Anyway, this is the part of the review where I usually start mentioning which stories were my favorites, but the fact is, they’re all, every one of them, outstanding. They all blew me away. These stories made me laugh out loud the way Rucker and Sterling do at their best, made my jaw drop the way it does when I read Greg Egan (but mostly without the crazy maths), and out-___punked every other punkism there is—Babylonian-punk, steampunk, ribofunk. He even gets in a story that outstrips James Morrow’s religious satire. Everything he writes about, he approaches with a frighteningly methodical, downright scientific mindset, and this means his ideas get taken apart and examined so closely that you start to wonder how it ever was that you liked SF stories that weren’t, at their core, about ideas like these. He’s certainly woken me up to the fact that I should be doing more thinking, and more exploring of scientific ideas, in my own writing. That in good SF, ideas are the adventure.

I recommend these stories very highly.

2 thoughts on “Stories of Your Life and Others by Ted Chiang

  1. Totally agree about searching out new ideas. Taking things in a new direction is something I’ve always aimed for. I think that’s a lot harder in fantasy, because people come to fantasy with a lot of expectations and assumptions. They do the same thing to science fiction, but I think they’re more open to suprise. Maybe? Yeah, Ted is doing something in his stories that puts him a mark above your average storyteller, you’re absolutely right. However, Gord, you’ve got that too. I could see it in most of your work, but the jazz story specifically.

  2. Shawn,

    That’s really kind of you to say. I really gotta set aside some time to get that jazz story perfectly finished and send it out.

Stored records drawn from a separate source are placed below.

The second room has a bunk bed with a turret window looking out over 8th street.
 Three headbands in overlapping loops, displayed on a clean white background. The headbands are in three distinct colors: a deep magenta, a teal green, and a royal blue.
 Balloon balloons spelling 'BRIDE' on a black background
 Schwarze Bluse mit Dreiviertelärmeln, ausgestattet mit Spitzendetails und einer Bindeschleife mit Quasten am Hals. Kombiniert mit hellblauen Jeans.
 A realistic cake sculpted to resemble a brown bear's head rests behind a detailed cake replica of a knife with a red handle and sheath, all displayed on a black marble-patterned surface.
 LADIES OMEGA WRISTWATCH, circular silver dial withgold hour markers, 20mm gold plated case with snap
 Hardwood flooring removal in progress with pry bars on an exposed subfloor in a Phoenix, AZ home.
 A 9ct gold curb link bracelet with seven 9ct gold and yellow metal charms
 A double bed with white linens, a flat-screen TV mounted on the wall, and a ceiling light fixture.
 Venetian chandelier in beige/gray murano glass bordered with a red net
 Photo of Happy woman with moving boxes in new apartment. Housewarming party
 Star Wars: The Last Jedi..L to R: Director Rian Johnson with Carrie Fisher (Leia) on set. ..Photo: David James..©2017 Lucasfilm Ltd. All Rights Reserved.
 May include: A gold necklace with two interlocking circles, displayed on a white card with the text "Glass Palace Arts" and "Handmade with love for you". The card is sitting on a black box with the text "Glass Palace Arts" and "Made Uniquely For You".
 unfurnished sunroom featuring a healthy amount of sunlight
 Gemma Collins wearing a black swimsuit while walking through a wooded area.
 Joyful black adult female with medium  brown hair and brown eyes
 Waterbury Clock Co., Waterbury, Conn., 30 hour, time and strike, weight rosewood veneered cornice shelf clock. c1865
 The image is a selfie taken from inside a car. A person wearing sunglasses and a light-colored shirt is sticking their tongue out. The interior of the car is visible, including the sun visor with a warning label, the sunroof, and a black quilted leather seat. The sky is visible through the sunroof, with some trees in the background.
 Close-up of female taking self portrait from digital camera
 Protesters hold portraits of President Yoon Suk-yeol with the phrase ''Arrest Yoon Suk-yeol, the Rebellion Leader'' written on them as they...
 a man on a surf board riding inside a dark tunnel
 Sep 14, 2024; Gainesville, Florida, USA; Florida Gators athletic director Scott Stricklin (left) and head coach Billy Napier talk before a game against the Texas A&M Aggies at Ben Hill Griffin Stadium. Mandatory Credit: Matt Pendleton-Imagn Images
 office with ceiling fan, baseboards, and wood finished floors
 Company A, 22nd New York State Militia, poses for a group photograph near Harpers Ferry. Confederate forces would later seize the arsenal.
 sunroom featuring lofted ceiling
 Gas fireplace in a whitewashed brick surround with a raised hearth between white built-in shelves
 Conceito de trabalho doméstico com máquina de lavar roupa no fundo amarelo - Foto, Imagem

    I just feel, I don’t know, like I get caught up in the adventure side of things, and forget about the ideas I was exploring. So I think I’m really going to, you know, buckle down and start looking at science in a more rigorous and systematic fashion. Not really “study” science, but just start gulping down science books and the ideas that catch my attention most, they’ll get pinned down, dissected, and so on.

    I think you’re right that it’s harder to do the kinds of things Ted does in “fantasy” than in “sf”, though I’d also say that some of the stories in his collection could be termed fantasy. Certainly “Seventy-Two Letters” and “The Tower of Babel” could be respectably termed fantasy, for all their scientism. That’s what I’d be looking at as models for my own exploration, but… you know, models cannot be relied upon too much. There’s something about them that slows one down over time. Hmmm.

    By the way, I could feel from your own writing that same wish to bust the coconut open, to bust through the wall to something new on the other side.

    I realized today that I’d fallen out of the habit of tracking my eating, partly because, in general, I’ve been eatng very little. :) Still, I shall once again try to get myself to keep track and see what I think. If I manage to come up with a week’s worth of meal-records, I’ll let you know. And I’m going to go to the gym starting tomorrow, I think.